Frequently asked questions

What is a time-of-use (TOU) electricity rate?

A time-of-use plan charges different prices depending on when you use electricity. Peak hours (typically afternoons and early evenings) cost more; off-peak hours (overnight, early mornings, sometimes weekends) cost less. If you can shift heavy loads — laundry, dishwasher, EV charging — to off-peak windows, TOU plans can beat a flat rate. If most of your usage happens during peak hours, TOU will cost more.

Which Texas, Ohio, Pennsylvania, Massachusetts, New Jersey, and Washington DC utilities offer TOU?

In our footprint, every Ohio investor-owned utility (AEP Ohio, Duke, AES, Ohio Edison, Toledo Edison, Illuminating Co), all Pennsylvania utilities except PPL, and all three Massachusetts utilities (Eversource, National Grid, Nantucket Electric) carry at least one residential TOU plan. In New Jersey, PSE&G and JCP&L offer residential TOU plans; Atlantic City Electric does not. In Washington DC, Pepco offers residential TOU. Texas TDUs (Oncor, CenterPoint, AEP Texas) don't directly offer TOU — but several Texas REPs sell free-nights and time-banded plans on top of the standard TDU delivery.

Where do you get the peak / off-peak schedules?

Directly from each utility's tariff filing, structured by the National Renewable Energy Laboratory's Utility Rate Database (URDB). When a utility files a new tariff with their state PUC, URDB ingests the new effective dates, peak windows, and rates within days. We pull from URDB monthly. The "Source" link below the heatmap goes straight to the official tariff PDF.

Is time-of-use worth it for my household?

Depends on when you use power. If at least 50% of your monthly kWh falls outside the utility's peak window — overnight, early morning, late evening, weekends in some plans — TOU usually beats a flat rate.

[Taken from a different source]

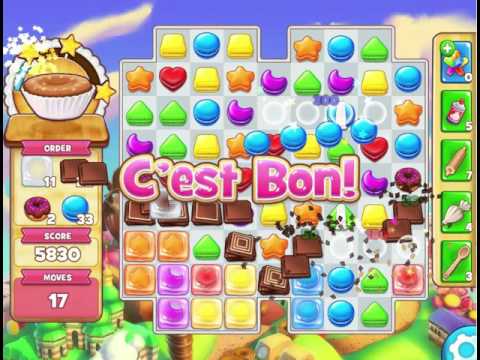Level - 1231 thumbnail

If you're home in the afternoon running AC, cooking on an electric range, or charging an EV during peak hours, flat rate wins. The slider in this tool lets you model your own mix and see the dollar swing.

How accurate is the savings estimate?

It uses the actual peak and off-peak ¢/kWh from your utility's most recent residential TOU tariff. It assumes morning + overnight usage prices at off-peak rates and afternoon + evening usage at peak rates — a simplification that matches how the majority of utility TOU plans price their windows. For a precise dollar quote, ask your utility for a TOU bill comparison report based on your actual interval data.